As its title hints, his current installation at London's Whitechapel Gallery, Continuum of Repair: The Light of Jacob's Ladder, 2013, extends precisely these investigations. "The biggest illusion of the Human Mind is probably the one on which Man has built himself: the idea that he invents something, when all he does is repair," the artist observes in the accompanying statement. The installation (on view until fall 2014) suggests that perhaps it is the world's different systems of knowledge-sundered from one another by the advent of modern science and history, by the invention of invention, as it were-that invention repairs, not in the sense of merging disparate fields back into an originary unified state, but in the sense of revealing both their difference and their proximity. Via a cabinet of curiosities full of books and artifacts, Attia relates the history of astronomy in Europe and the Muslim world to the biblical tale of Jacob's nocturnal vision of a ladder to the heavens. A vertiginous column of infinite space, penetrated by a beam of light, stretches above visitors' heads.

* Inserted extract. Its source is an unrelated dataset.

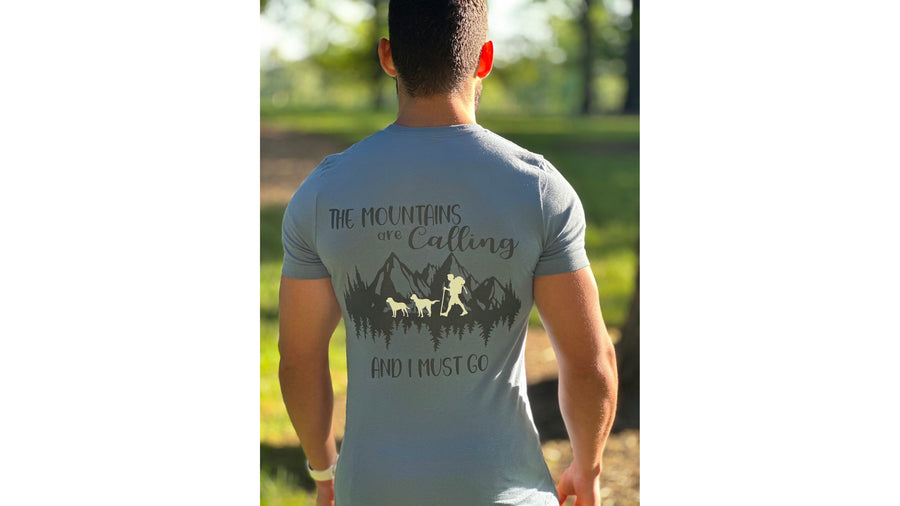 Shirt — The Mountains Are Calling design on the back of a slate blue tee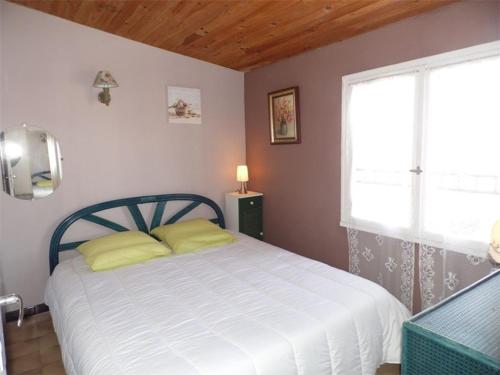 une chambre avec un lit avec des oreillers jaunes et une fenêtre dans l'établissement Duplex climatisé avec 2 chambres, grande terrasse et parking privé - FR-1-326-611, à Marseillan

It is an illusion created with mirrors-which, after all, are primary technologies of the self, fundamental to optics and thus to the first telescopic assays into space, but also to confrontation with one's own reflection, with a seemingly externalized self, a self as Other. Yet no such split can be discerned in Attia's optical illusion. Instead, he presents a vision of a lieu-commun where scientific invention meets the dream logic of parable and where subjects of knowledge, objects of knowledge, and ways of knowing are neither opposed nor complementary but densely intertwined.